Abigail Adams to Mercy Otis Warren, 10 May 1785 Adams, Abigail Warren, Mercy Otis
Abigail Adams to Mercy Otis Warren
Dear Madam May 10 1785

I cannot let my son return to America without a few lines to you, nor will I doubt their being acceptable altho it is nine months since I left Home during all which time neither Mr. Adams or I have had the honour of receiving a line either from the General or your Ladyship, altho we have repeatedly written to you.1 Your Son who is resident in Lisbon and mine who has inhabited France have regularly corresponded2 by which means I have had the pleasure of knowing that there was one Branch of the Family yet on this side the land of forgetfullness. I left America not a little anxious for the Health of my two young Friends Mr. Charles and Henery, and tho I have heard from them by way of my Braintree Friends, it would have been more agreeable to me to have received the account from the Hand of their Mama. My son has made a wise choice I think in prefering to return to his own country and compleat his education at Harvered that he may become acquainted with the Youth of his own Standing and form connextions in early life amongst those with whom he is to pass his days. An acquaintance and intimacy in your family will be an object with him, and as you and I Love to praise our children and why when deserving should we not? I think you will find him as intelligent as most young Men of his age, and as little tincturd with the vices and follies of Europe. He loves his Studies too well to be much addicted to any thing else. Having spent ten years abroad uncorrupted, I hope he will not be less cautious in his own country where there is little less danger than in Europe. But as he is yet young the advice and Friendship of the ancient Friends of his Parents will ever be usefull to him.
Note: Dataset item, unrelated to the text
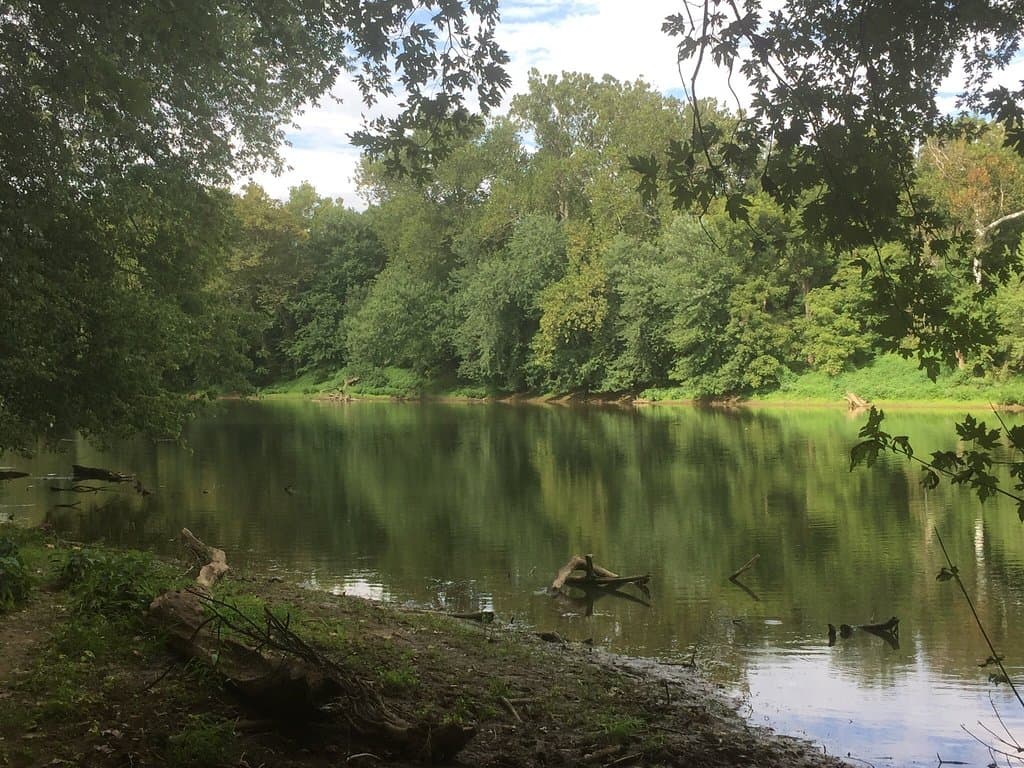 Ball's Bluff National Cemetery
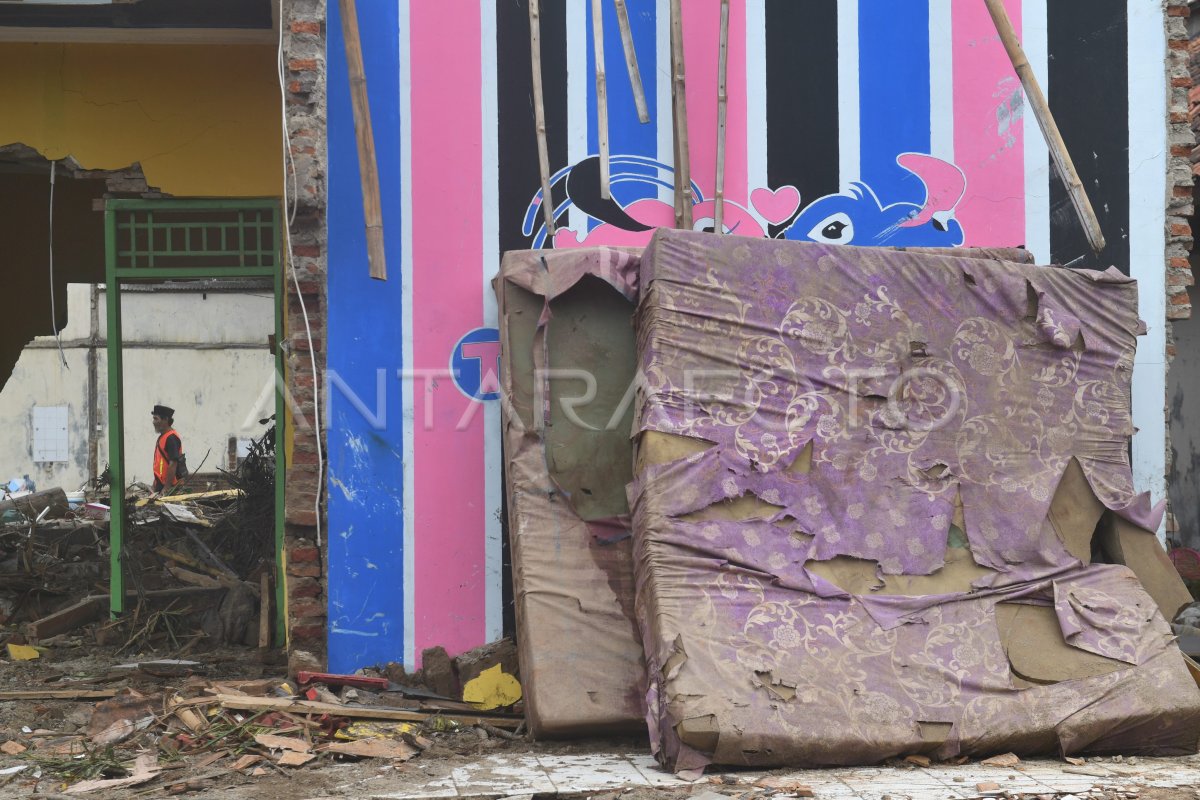 Masa Tanggap Darurat Tsunami Selat Sunda Antara Foto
You will hear before this reaches you of the completion of an ancient prophecy of yours, but I do not recollect whether you auguerd good or evil from it.3 At present there are so many Clouds to peirce, some of them armd with thunder and lightning that I query whether the Electrical Phylosopher himself could devise means to secure a person from the burning flashes. I think too it has been said that when clouds meet from opposite directions the severest tempest ensues. What then can a person expect who stands unshelterd beneath so inclemnant a hemisphere?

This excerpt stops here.